— What you have to do —
Beginning at the line that mentions "زیباترین قصرهای جهان را", retype the rest of the records below exactly. Pictures are not part of the copy.

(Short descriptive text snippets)

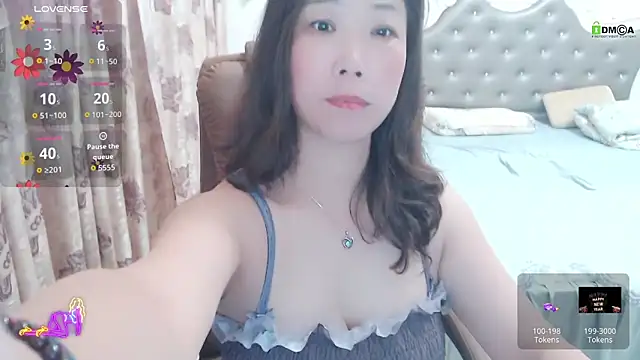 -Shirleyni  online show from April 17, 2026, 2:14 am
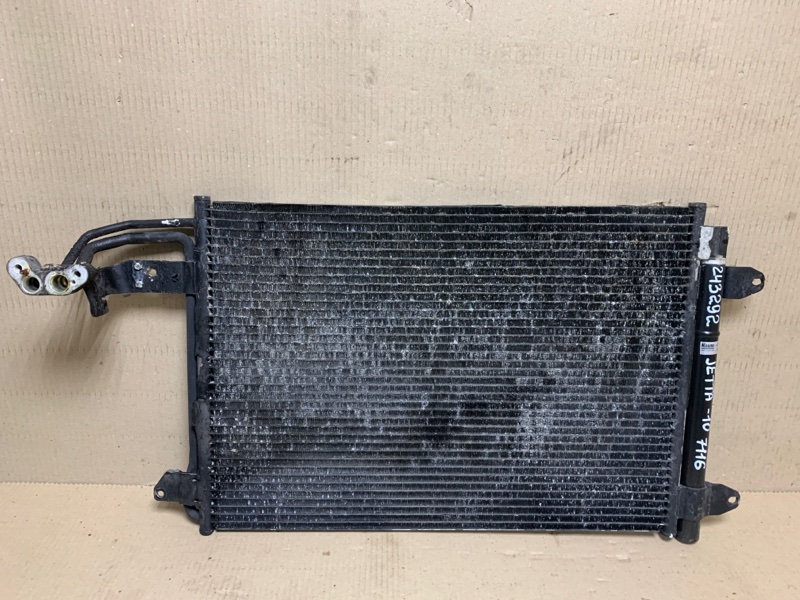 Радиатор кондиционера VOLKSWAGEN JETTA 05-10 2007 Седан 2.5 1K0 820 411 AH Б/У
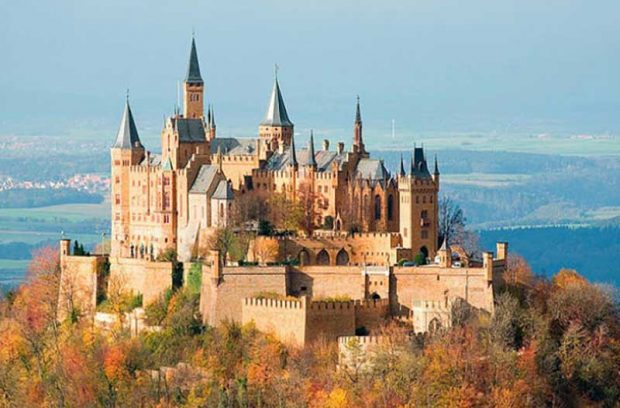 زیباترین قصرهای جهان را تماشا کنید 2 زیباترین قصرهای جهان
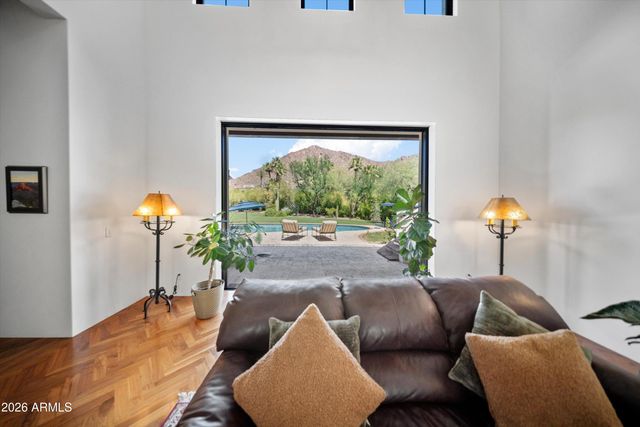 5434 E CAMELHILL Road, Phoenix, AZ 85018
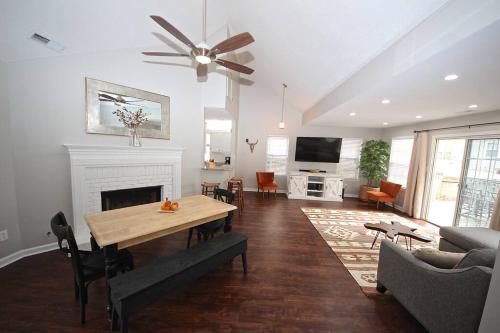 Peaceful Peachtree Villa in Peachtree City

— Result for this task —
 زیباترین قصرهای جهان را تماشا کنید 2 زیباترین قصرهای جهان
 5434 E CAMELHILL Road, Phoenix, AZ 85018
 Peaceful Peachtree Villa in Peachtree City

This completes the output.